In 2021, the College was allocated $25 million from the North Carolina Legislature for the construction of an Aviation Center for Excellence, a regional partnership with the Economic Development Region to be located at the NC Global Transpark. The Center will house aviation programs, avionics, aircraft interiors, painting, construction, and composite technologies as well as aerospace research and development and customized training for specific aerospace applications. The Center will also house an Aviation Academy for high school students. 

In 2021, the College entered into a partnership with the Lenoir County Public School to offer a Lancer Academy on the campus of Kinston High School (KHS). The Academy offers CCP options to students at KHS in a number of pathways. 

In 2023, the college facilities underwent changes including major renovations in the Kinston campus welding department with new lighting, additional booths, and modern welding equipment. The Aerospace and Advanced Manufacturing Center (AAMC) was also retrofitted to accommodate a soon-to-be implemented Airframe Program pending FAA approval. The College also implemented a new signage project with comprehensive wayfinding solutions to enhance navigation throughout campus. 

The Foundation embarked on a $6 million Capital Campaign with two objectives – to raise funds to support the LCC Guarantee and Short-Term Workforce Training Scholarships and to create facilities and programs for the future.

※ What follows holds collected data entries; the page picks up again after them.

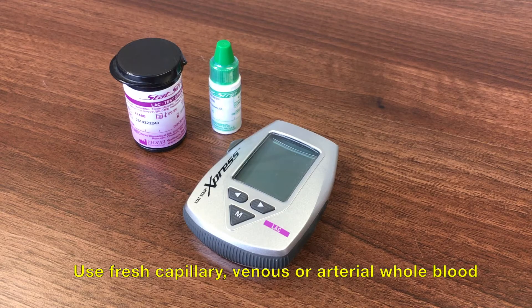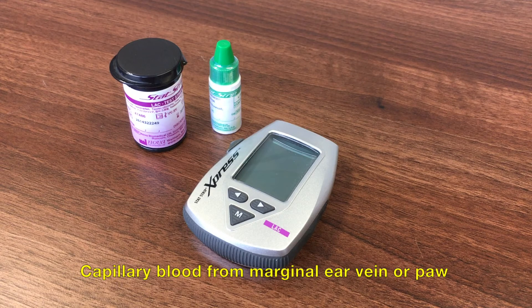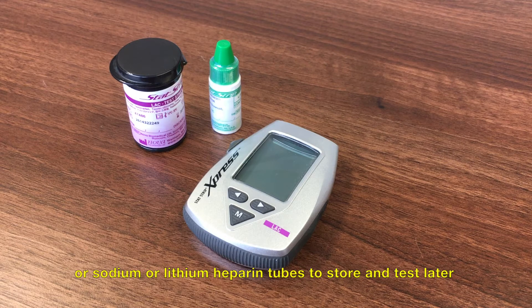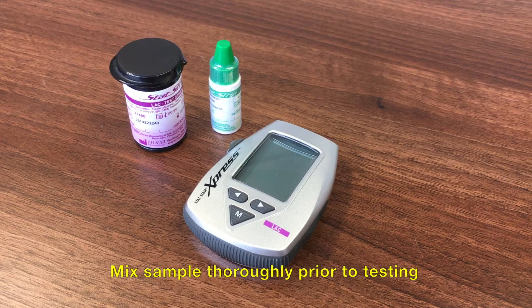To test a sample, obtain a fresh capillary, venous or arterial whole blood sample. Take capillary samples from the marginal ear vein or from the animal's paw. Venous and arterial blood can be taken into a plain syringe for immediate testing, or use sodium or lithium heparin tubes if the sample is to be stored for testing later. Mix the sample thoroughly prior to testing.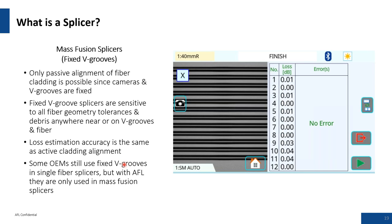Mass fusion and fixed D-groove: with 12 fibers instead of one, you'll notice that bright region that looks like the core — it is not the core. These fixed D-groove systems are very sensitive to geometry tolerances and debris. With mass fusion, you have to be really dialed into proper cleaning techniques and prepping these fibers before you ever get to the splicer. The loss estimate accuracy is similar to what you would see with a cladding alignment machine.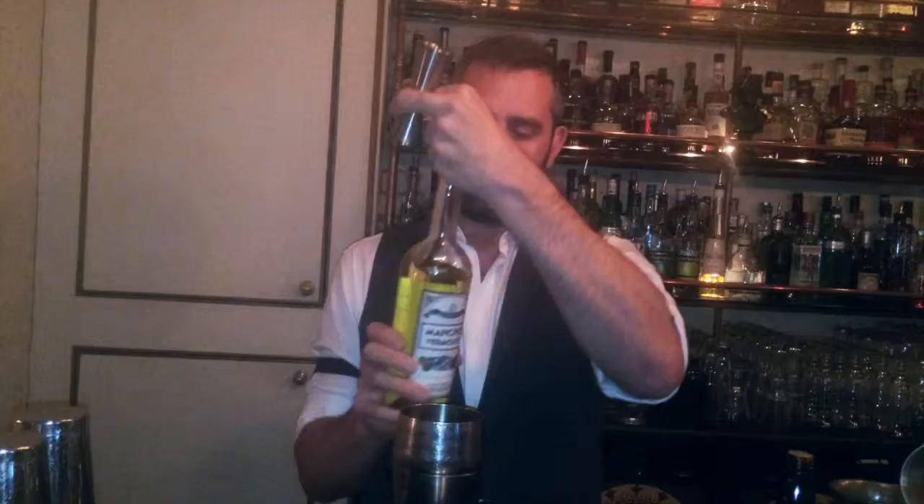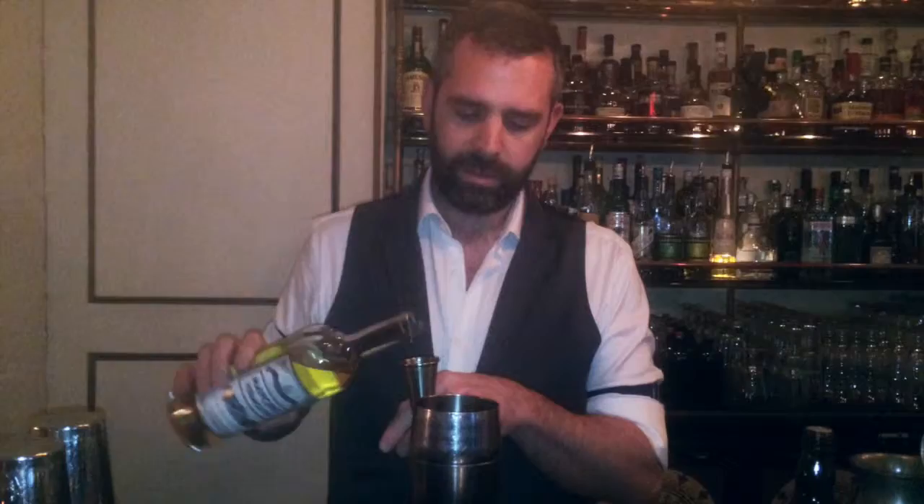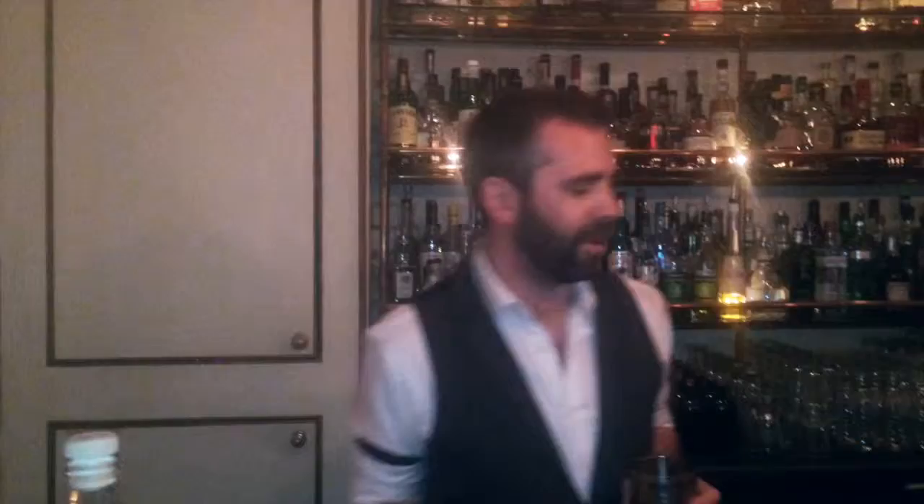It's going to be 35ml of blended whiskey, 35ml of Mancino Bianco, 15ml of Fino Sherry, and then just one dash of Peach Bitters. The peach adds more to the three elements of the Bianco Vermouth and the Fino Sherry, and it rounds off the scotch really well.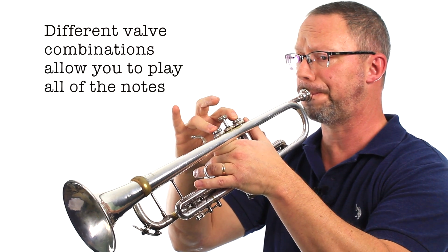We're simply changing the note by adjusting the airstream and the mouth tension to make the lips vibrate faster or slower. Faster vibration, higher notes. Slower vibration, lower notes.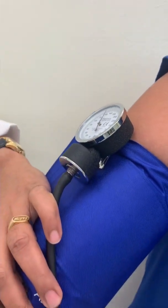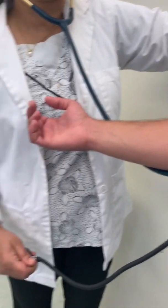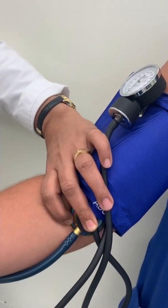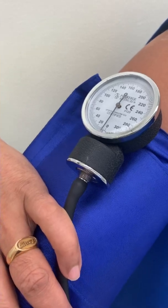I release the knob now, slowly. I hear a sound at 120 — that's the systolic — and that sound disappears at 80 — that's the diastolic.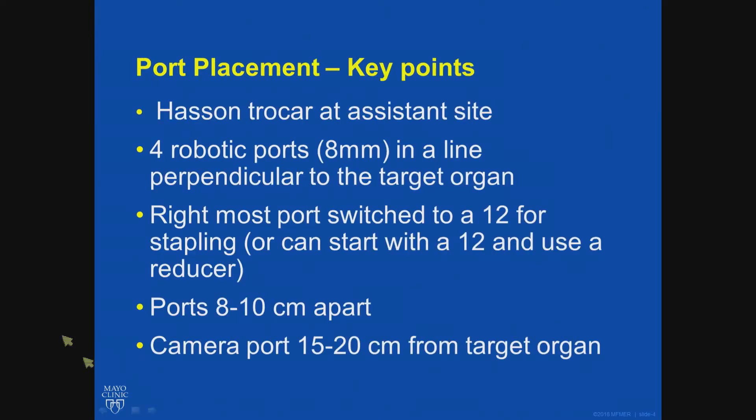Port placement: I place a Hassan trocar at the assistant site. This may not be what most people do, because there is a robotic Hassan port available, but whenever I use it I get an air leak. So I use a balloon Hassan at the assistant site and four robotic ports in a straight line perpendicular to the target organ — here, the rectum. The camera port should be 15 to 20 centimeters from the target organ; if you are not within that range, you will get into some kind of trouble — either too far or too close.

The LCC Guarantee Scholarships provide an incentive for high-achieving students to choose LCC as their launching point for college transfer or career opportunities. Students who excel in high school and who qualify for the scholarship are guaranteed their first two years of college tuition free.  

The Short-Term Workforce Training Scholarships assist individuals seeking short-term concentrated training for immediate employment in high-demand fields. The primary focus is on training that can be completed in less than six months that will lead to a career with a livable income. The high-demand areas include healthcare, advanced manufacturing, heating and air conditioning, transportation, and logistics. 

In addition to its successful Capital Campaign, in 2023-24, the Foundation celebrated two milestones. More than $300,000 was awarded in scholarships to deserving students and the Foundation partnered with Arts and Sciences to bring musical theatre back to Briley Auditorium and created the Preforming Arts Series to bring back performances to the College throughout the year. 

In October 2023, the College celebrated a successful SACSCOC on-site visit, resulting in SACSCOC’s reaffirmation of LCC’s accreditation with no recommendations. The visiting SACSCOC team had the responsibility to evaluate the College’s Quality Enhancement Plan (QEP), which is required for reaffirmation. LCC’s QEP entitled “All Aboard: Destination Success” is a campus-wide collaboration focusing on enhancing the onboarding experience for students. 

The College is committed to quality education and student success and offers 38 associate degree programs, 15 diploma programs, and 58 certificate/skills certificate programs and 7 Career and College Promise Pathways. Today, LCC serves more than 3,100 curriculum students and more than 6,900 continuing education students annually. The College is ranked 21st in enrollment among the 58 community colleges in the state. As a world-class community college, LCC continues to expand its programs and services to meet the needs of the citizens it serves.